__Records provided__
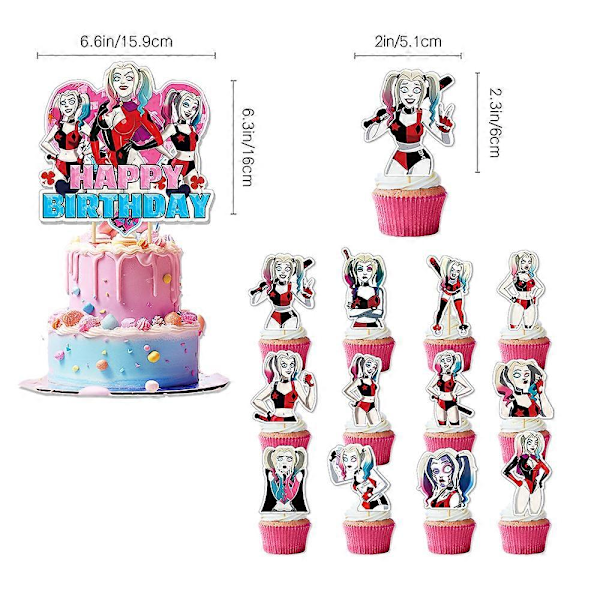 Harley Quinn-tema födelsedagsfesttillbehör Banner Ballonger Kit Tårta Cupcake Dekoration Toppar Set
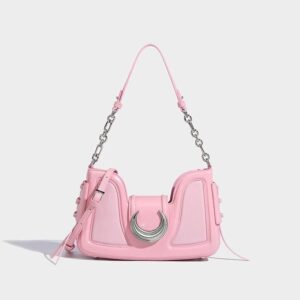 Luxury Pink Half Moon Crossbody Bag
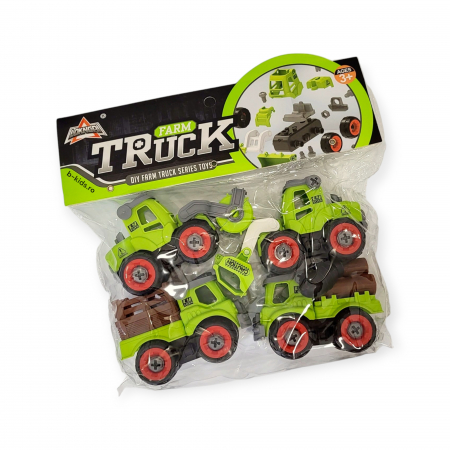 Set 4 vehicule mecanice, de Ferma tip lego cu surubelnita [1]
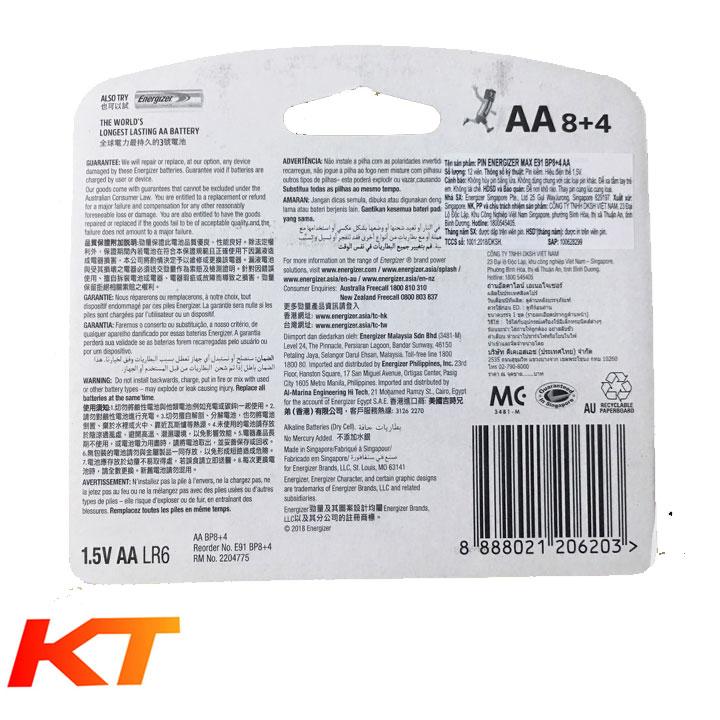 Pin AA ENERGIZER ALKALINE MAX E91 (Vỉ 12 Viên)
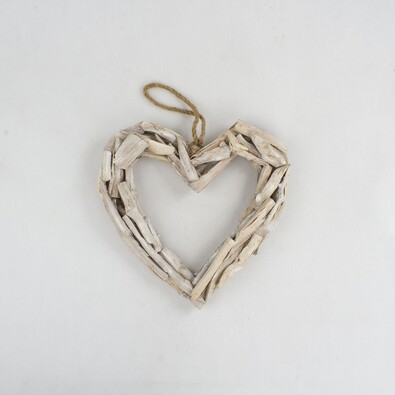 Závesná dekorácia Drevené srdce, 38 cm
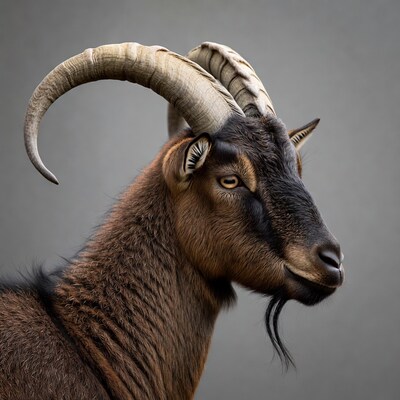 Closeup of goat with large curved horns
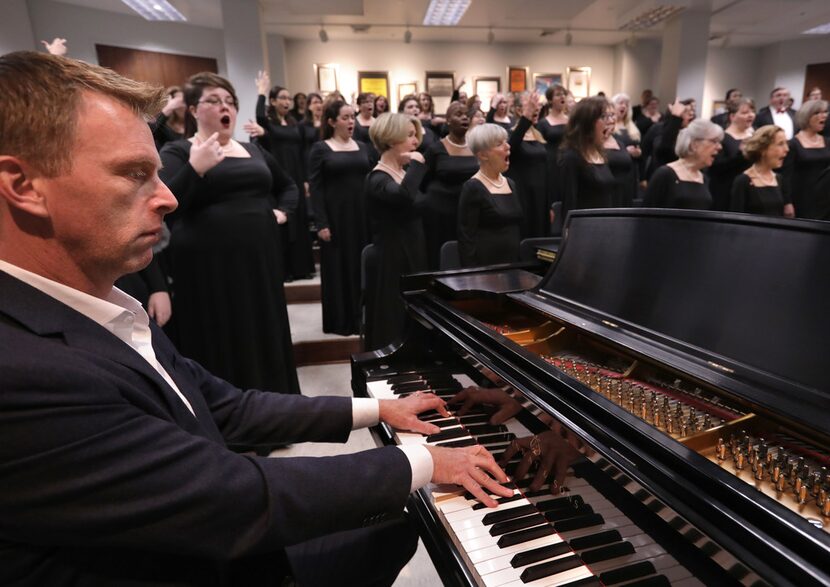 The Dallas Symphony Chorus warms up  on Dec. 10, 2017.  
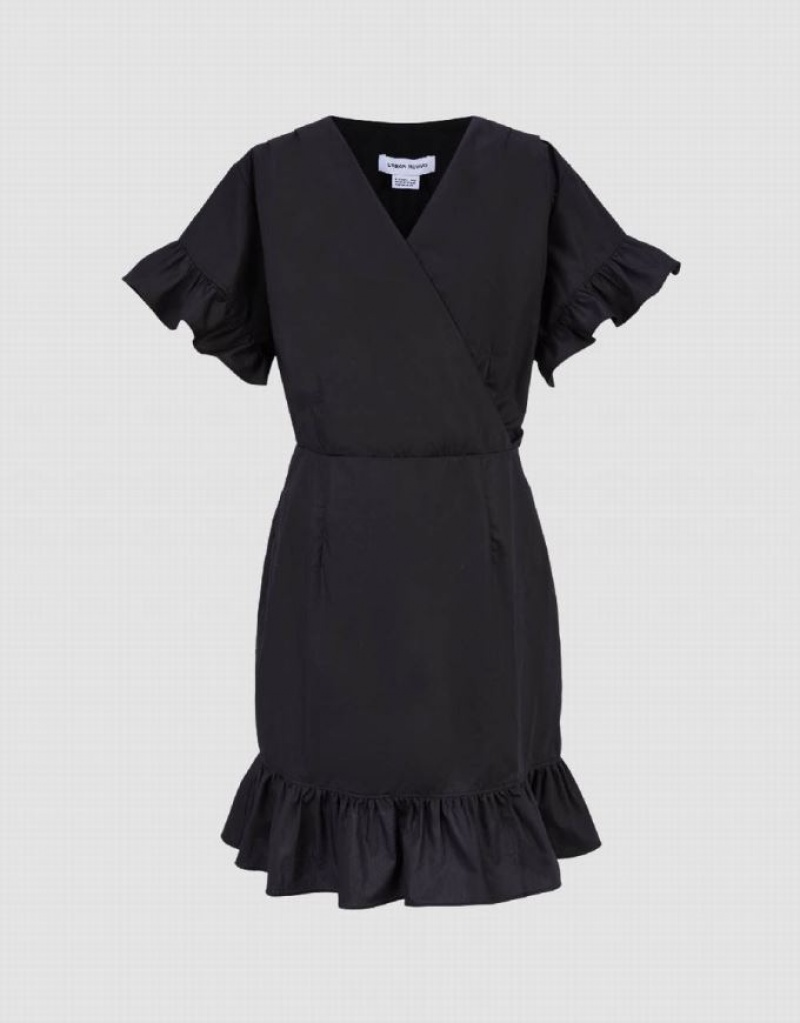 Black Urban Revivo Butterfly Sleeve V-Neck Skater Women's Short Dress | 34186FMBA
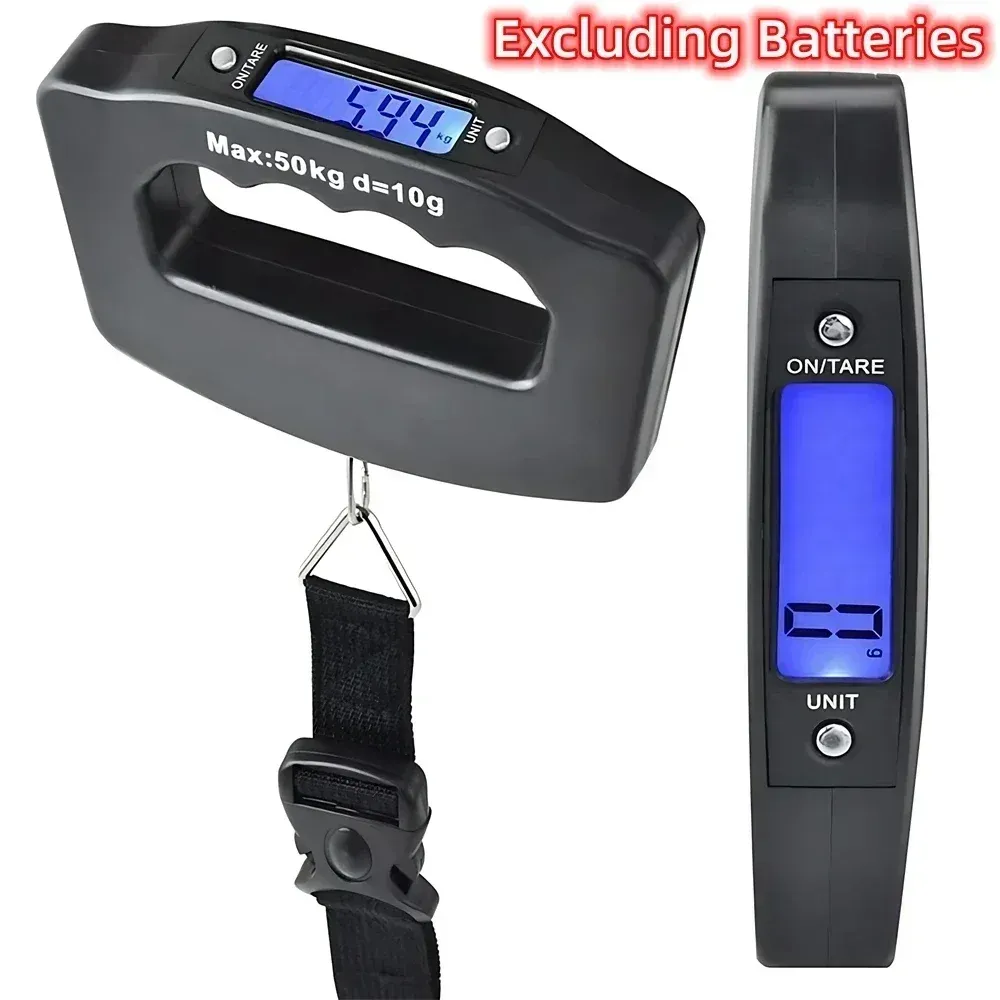 Balance numérique portable à écran LCD pour bagages, 50 kg / 110 lb, pour valise et sac de voyage, avec crochet de pesée pour poisson et balance suspendue 8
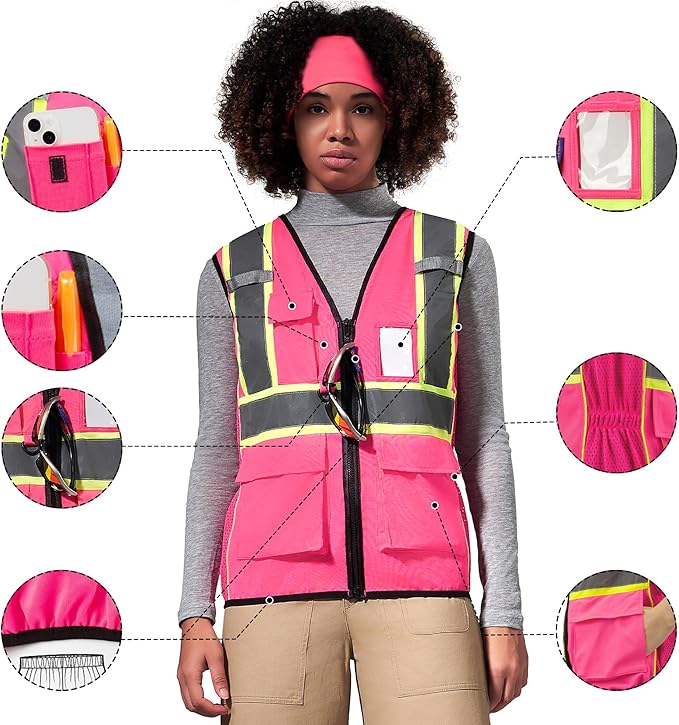 AYKRM Custom Logo Personalised Printed High Visibility Reflective 2 two tone work construction Safety Vest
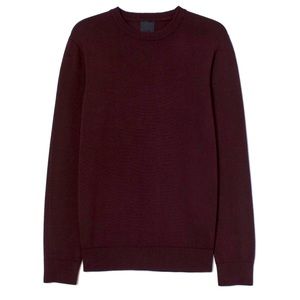 H&M Man Fine Knit Cotton Crewneck Sweater in Burgundy Size XL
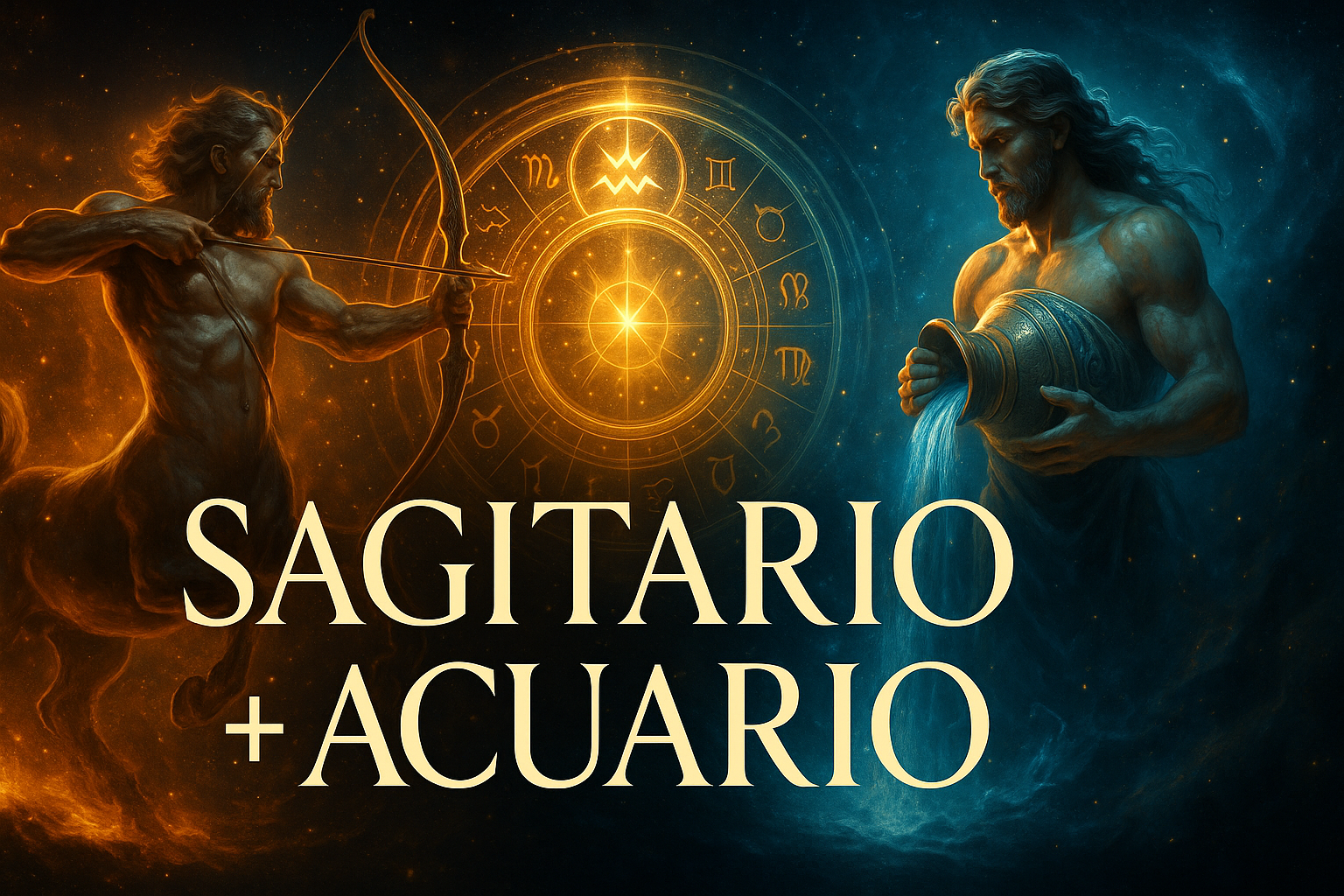 Compatibilidad zodiacal entre Sagitario y Acuario en amor y relación espiritual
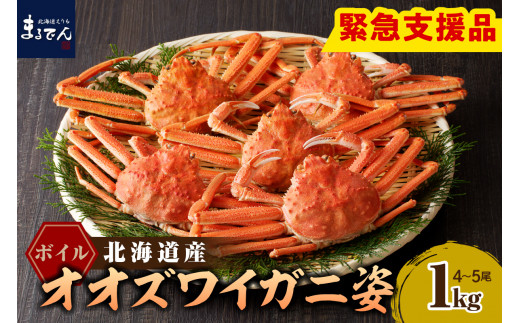 えりも【マルデン特製】ボイルオオズワイガニ姿1kg(4尾〜5尾)【er002-048-a】北海道えりも町8000魚介・海産物カニ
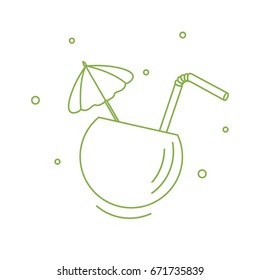 Stylized icon of the cocktail in half coconut, tube and umbrella. Travel and leisure. Design for banner, poster or print.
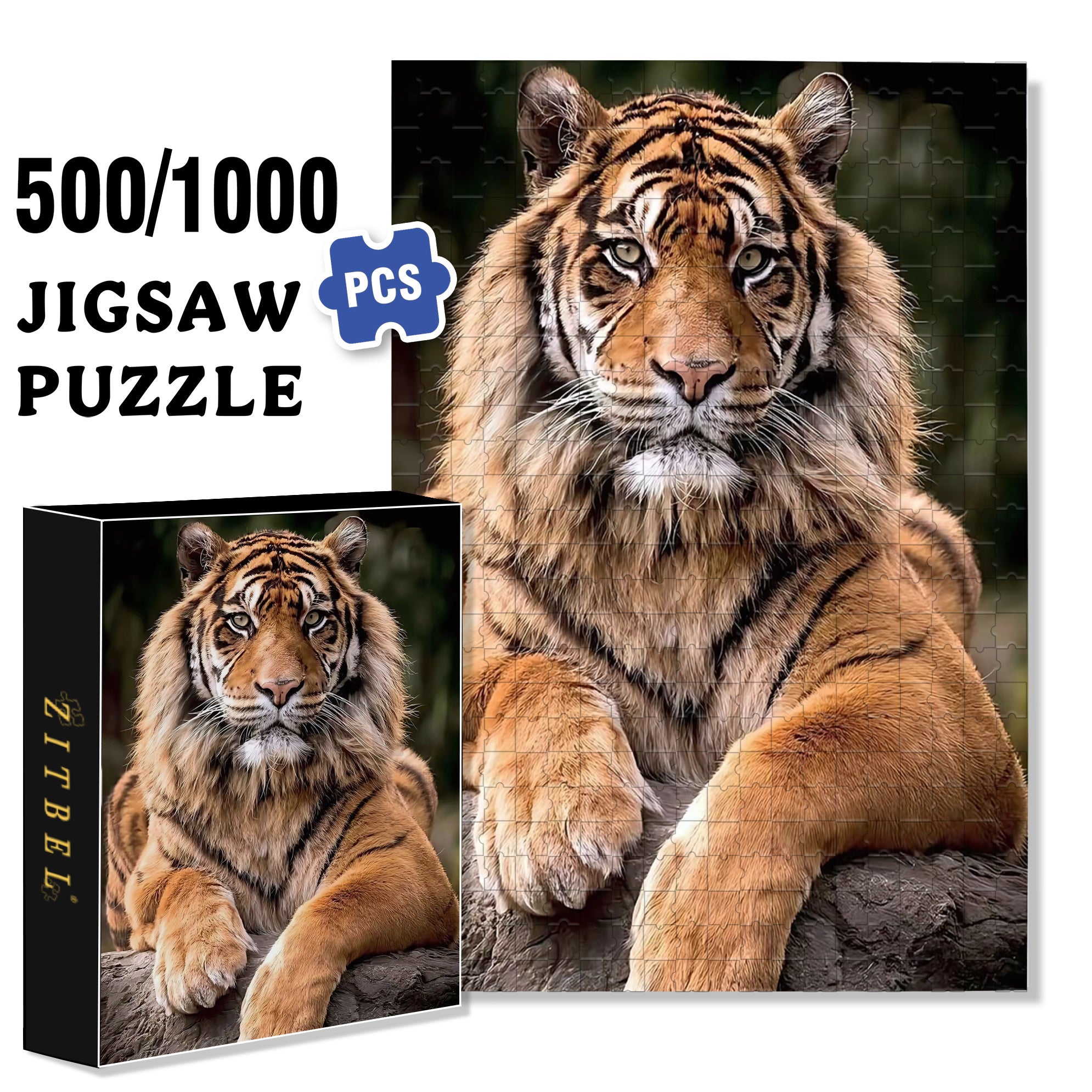 Mighty And Domineering 500pcs/1000pcs Jigsaw Puzzle, Scratch-Resistant, Interactive Family Game & Brain-Boosting DIY Decor, Perfect for Halloween, Christmas & New Year Gifts, Family Puzzle Game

__Directions__
Repeat, without pictures, exactly the lines of the data above from the one containing "The Dallas Symphony" through the one containing "Balance numérique portable", including both and adding nothing.

__Reply__
 The Dallas Symphony Chorus warms up  on Dec. 10, 2017.  
 Black Urban Revivo Butterfly Sleeve V-Neck Skater Women's Short Dress | 34186FMBA
 Balance numérique portable à écran LCD pour bagages, 50 kg / 110 lb, pour valise et sac de voyage, avec crochet de pesée pour poisson et balance suspendue 8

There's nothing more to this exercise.